状況説明がしつこすぎるくらいしっかりしていて長いと感じるが、真実は少し意外なところから出てきた。
エリザベスとダーシーの結婚に至るまでの話が気になりだす。

皇后の碧


 精霊たちが生きる世界。
鳥の精霊の王に拾われた、土の精霊の子・ナオミ。
羽は持たないが不自由はなく暮らしていたナオミはある時、風の精霊を統べる蜻蛉の精霊の皇帝から「私の寵姫の座を狙ってみないか?」と誘われる。
皇帝の後宮には皇后と愛妾(つま)がおり、彼の胸には皇后の瞳の色に似ている緑の宝石を選び抜いた首飾り「皇后の碧(みどり)」が常に輝いていた。
ナオミはなぜ自分に声がかかったのか訝りながらも、かつて鳥の王の妻であり、皇帝に召し出されたイリス皇后の様子を探りに、後宮へと向かう。

 八咫烏シリーズとはかなり印象が変わるファンタジー。
皇帝の横暴におびえる日々から、後宮の内部を見て回るうちに気づく事、立場によって見え方がこんなに変わるのかと驚く。
そのうえ鳥と虫との性質の違いがもたらす考え方の違いも大きい。
皇帝の秘密は大きかったが、イリスの秘密でもあり、納得させられる。

神学校の死

 
 サフォーク州の人里離れた全寮制神学校で、一人の学生が海岸の砂に埋もれて窒息するという不審な死を遂げた。
事故という結論に不満を持った父親が、警察に再調査の圧力をかけてきた。
真相究明のため現地へと赴いたダルグリッシュ警視長が調査を始めると、客として来ていた神学校の閉鎖を進めようとする教会幹部が教会内で殺される。
学生の死と関係があるのか、そしてダルグリッシュがいるにもかかわらず殺人が起こるという異常な状況で、真相にたどり着くことができるのか。
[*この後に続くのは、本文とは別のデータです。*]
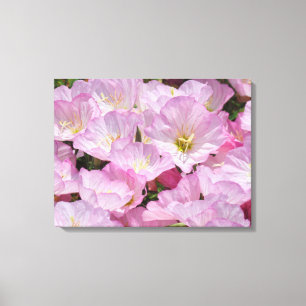 Canvas Print - Rosa Blume Leinwanddruck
 危険だとわかっている場所で大量の砂で圧死という、事故か自殺かわからない学生の死から、次々と不幸が続く。
状況説明が長く、最初に明かされた少しのヒントだけで半分ほどまで進むので、何も見えてこないために飽きてくる。
最後の1/10ほどになってようやく面白くなってくるが、個性のあまりない神父たち登場人物の区別がつくようになるまで長かった。
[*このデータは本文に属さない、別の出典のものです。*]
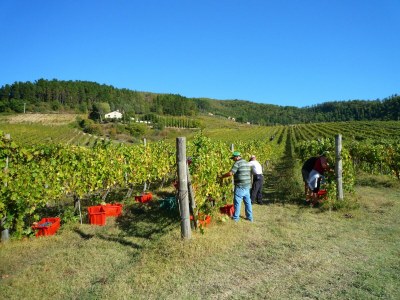 Farmhouse Farmhouse in Dicomano with Tuscan Views - Environment photo 15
魔法律学校の麗人執事1 ウェルカム・トゥー・マジックローアカデミー


 スポーツでも学業でも日本一の、修道院育ちの野々宮椿。
好きな男の子から「女としてみれない」と言われて落ち込んでいた時、魔法の天才・条ヶ崎マリスの執事にならないかと通りすがりのオジサンから誘いを受ける。
女だということを隠し、男子寮で暮らすことになってしまう。
棒弱婦人の主人・マリスに振り回されながら、魔力ゼロの一般人である椿が魔法と法律の学び舎・魔法律学校に入学する。
生意気なオレ系主人と男装の執事の、恋と魔法のファンタジー。

 これまで法律の小説をたくさん出してきた作者が、ライトノベルシリーズとして出したのがいきなり魔法学校。
魔力は遺伝で決まり、その力を持った数少ない人たちだけが日本を動かしているという設定。
あまりのギャップに追いつけないけど、王道のファンタジー。